Many anomalies in Vatican trial
Hospital execs, and not cardinal, accused of misappropriating donations
VATICAN CITY: The Vatican trial over US$500,000 (RM2.1mil) in donations to the pope’s paediatric hospital that were diverted to renovate a cardinal’s penthouse is reaching its conclusion, with neither the cardinal who benefited nor the contractor who was apparently paid twice for the work, facing trial.
Instead, the former president of the Bambino Gesu children’s hospital and his ex-treasurer are accused of misappropriating ¤422,000 (RM2.3mil) from the hospital’s fund-raising foundation to overhaul the retirement home of Cardinal Tarcisio Bertone, the Vatican secretary of state under Pope Benedict XVI.
Prosecutors have asked for a guilty verdict, a three-year prison term and a fine of US$5,910 (RM24,900) for the ex-president, Giuseppe Profiti.
They asked to shelve the case against the ex-treasurer, Massimo Spina, for lack of evidence: The trial determined he had no signing power or decision-making authority.
The trial, which began in July and resumes with the defence closing arguments, exposed how Bertone bent Vatican rules to get his retirement apartment in shape for him to move in after Pope Francis was elected in 2013 and named a new secretary of state.
And it laid bare the “opacity, silence and poor management” in handling Vatican assets, prosecutor Roberto Zanotti said in his closing statements. Such lack of financial transparency and accountability has bedevilled the Holy See for centuries and has been a top concern for Francis’ reform-minded papacy.
The trial also shined a light on “the pope’s hospital”, which was the subject of an investigation earlier this year.
The AP uncovered a secret 2014 Vatican-authorised probe that found that the hospital’s mission under the Profiti administration had become “more aimed at profit” than patient care.
After retiring in 2013, Bertone was assigned a 400sq m, top-floor bachelor pad in the Vatican-owned Palazzo San Carlo, which sits on the edge of the Vatican gardens and offers fabulous views of St Peter’s Basilica and overlooks the Vatican hotel where Francis lives.
During the trial, Bertone was shown to have personally engineered the unprecedented manoeuvre to get an old friend, Gianantonio Bandera, to do the renovation.
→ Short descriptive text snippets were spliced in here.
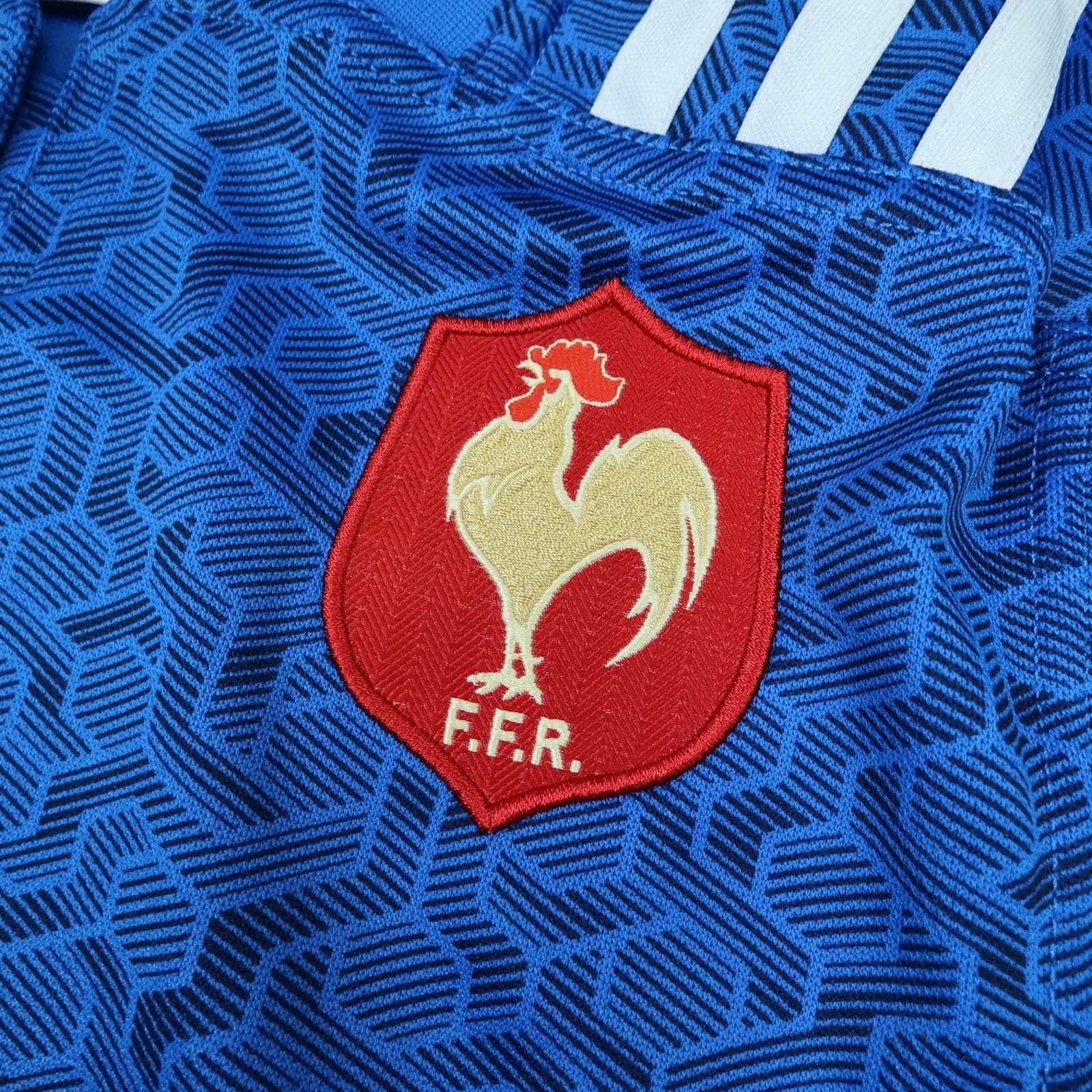 France Rugby Shirt Mens Large Blue Rugby Union Adidas 2017 2018 Climalite Jersey photo 4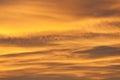 Dramatic twilight cloudscape Royalty Free Stock Photo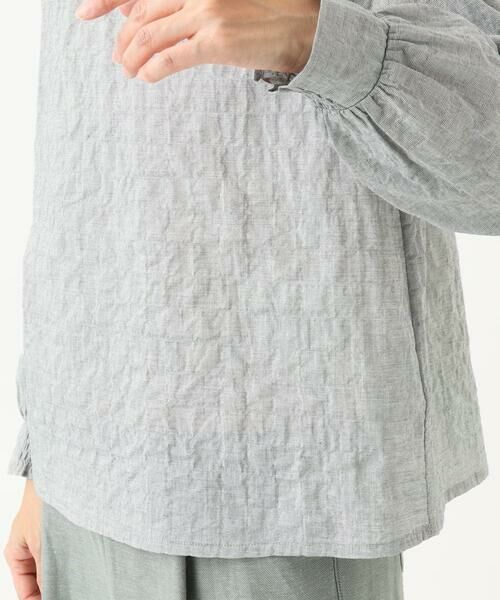 GIANNI LO GIUDICE / ジャンニ・ロ・ジュディチェ シャツ・ブラウス | [洗える]シャーリングシャンブレープルオーバーブラウス | 詳細13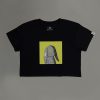 Automaton (Yellow) Women's Cropped Tee - Thumbnail Image 1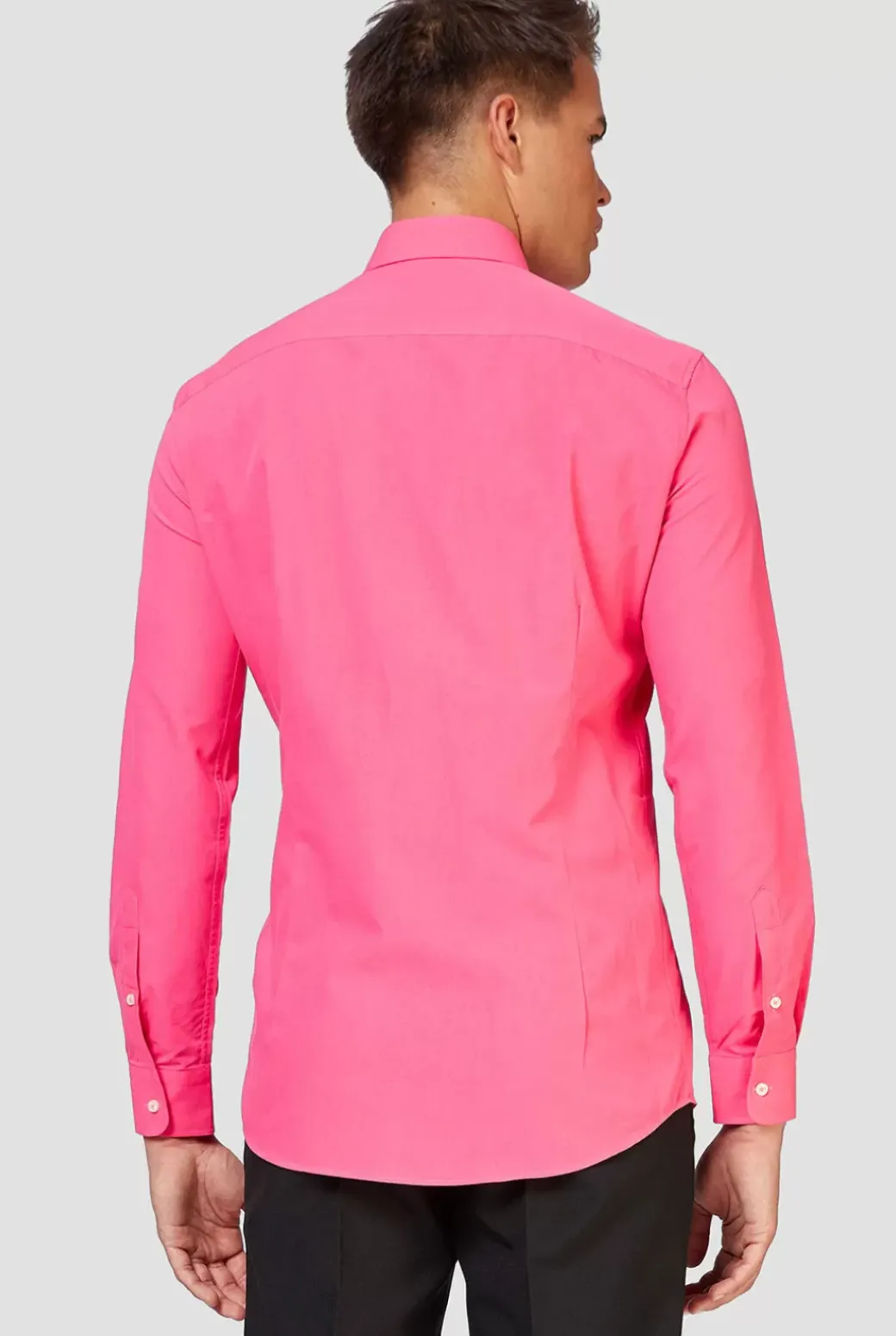 OppoSuits Mr. Pink^Men Solid Colored Shirts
Bertone’s project jumped the queue for Vatican real estate repairs, and avoided the normal external bidding process required for such an expensive overhaul _ presumably because he promised to foot the bill himself.
And Bertone did indeed pay some ¤300,000 (RM1.49mil) out of his own pocket.
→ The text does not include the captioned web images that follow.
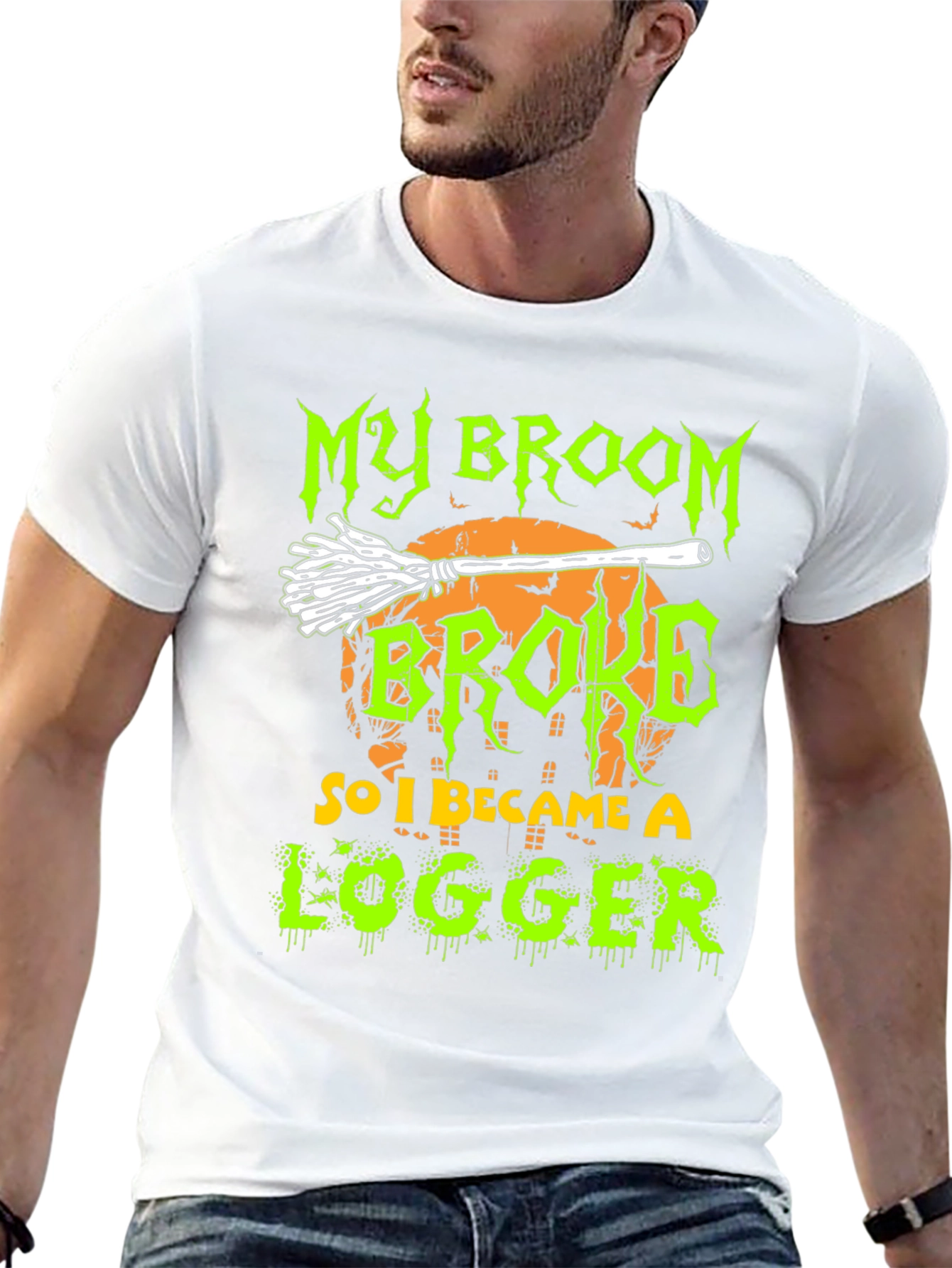 Funny Halloween Logger T-Shirt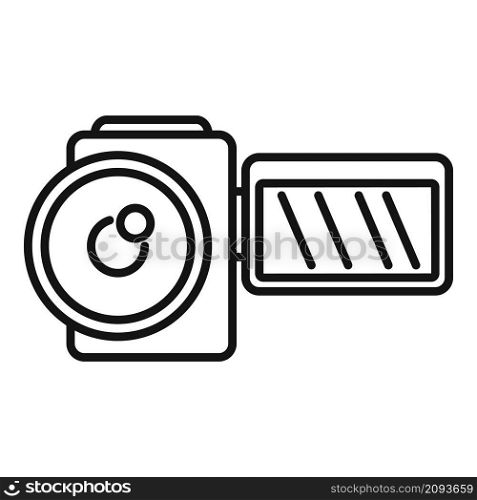 Home camcorder icon outline vector. Camera movie. Tv production. Home camcorder icon outline vector. Camera movie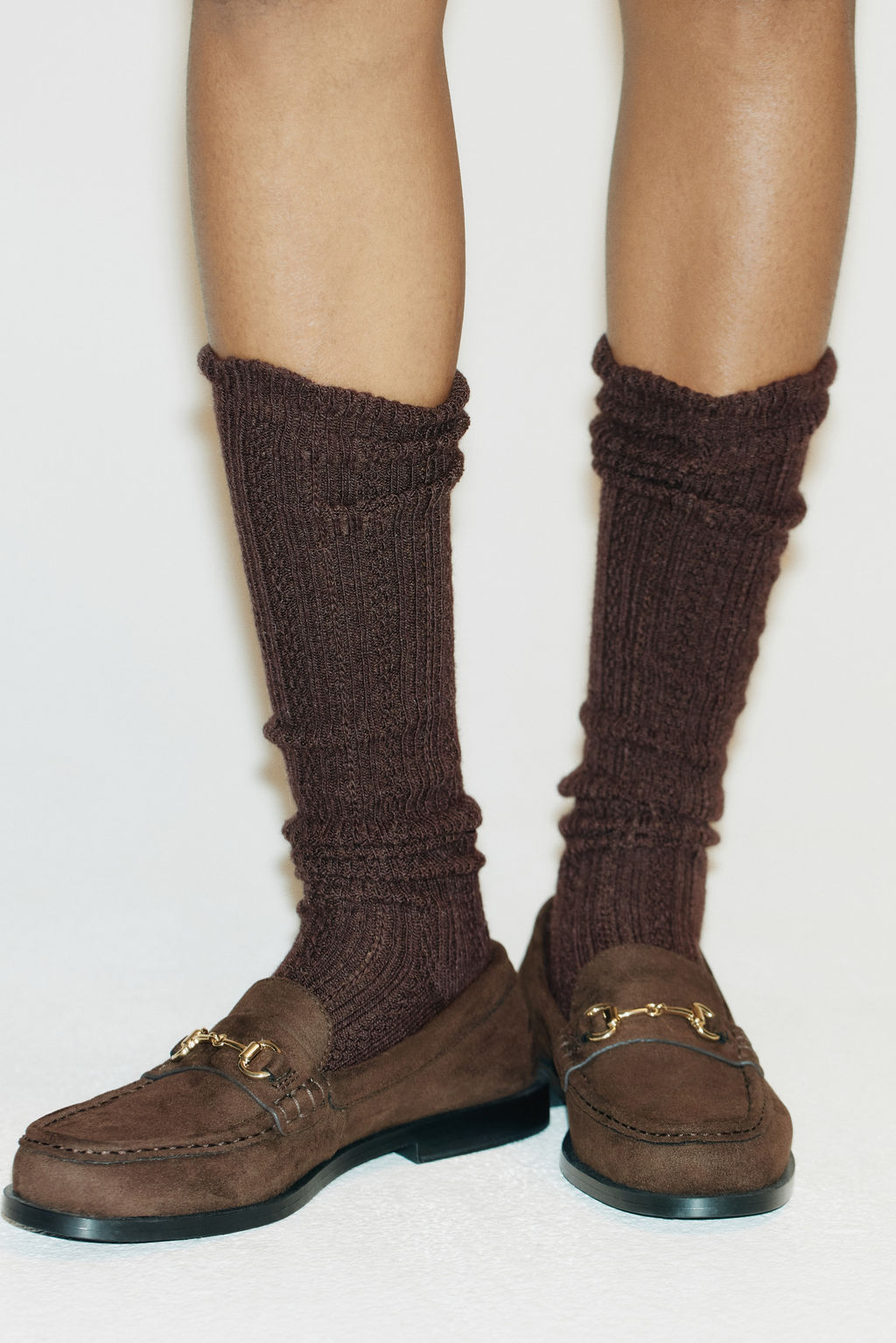 Calcetines a la rodilla en punto con dise?o - H&m фото 4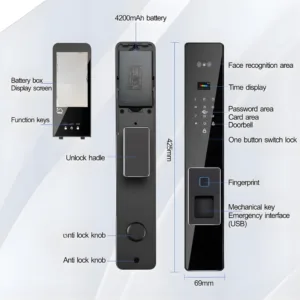 function setting for palm recognition door lock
The problem is the hospital foundation also paid Bandera’s firm ¤422,000 (RM2.1mil) for a job that totalled ¤533,000 (RM2.65mil), including communal repairs to the palazzo’s leaky roof.
The chief engineer of the Vatican’s building maintenance office, Marco Bargellini, testified that Bertone’s August 2013 request for renovations was “unique”.
But Bargellini said he had never seen a case where a tenant proposed a project with the construction firm already chosen, since the Vatican has a list of contractors who would normally bid for the contract.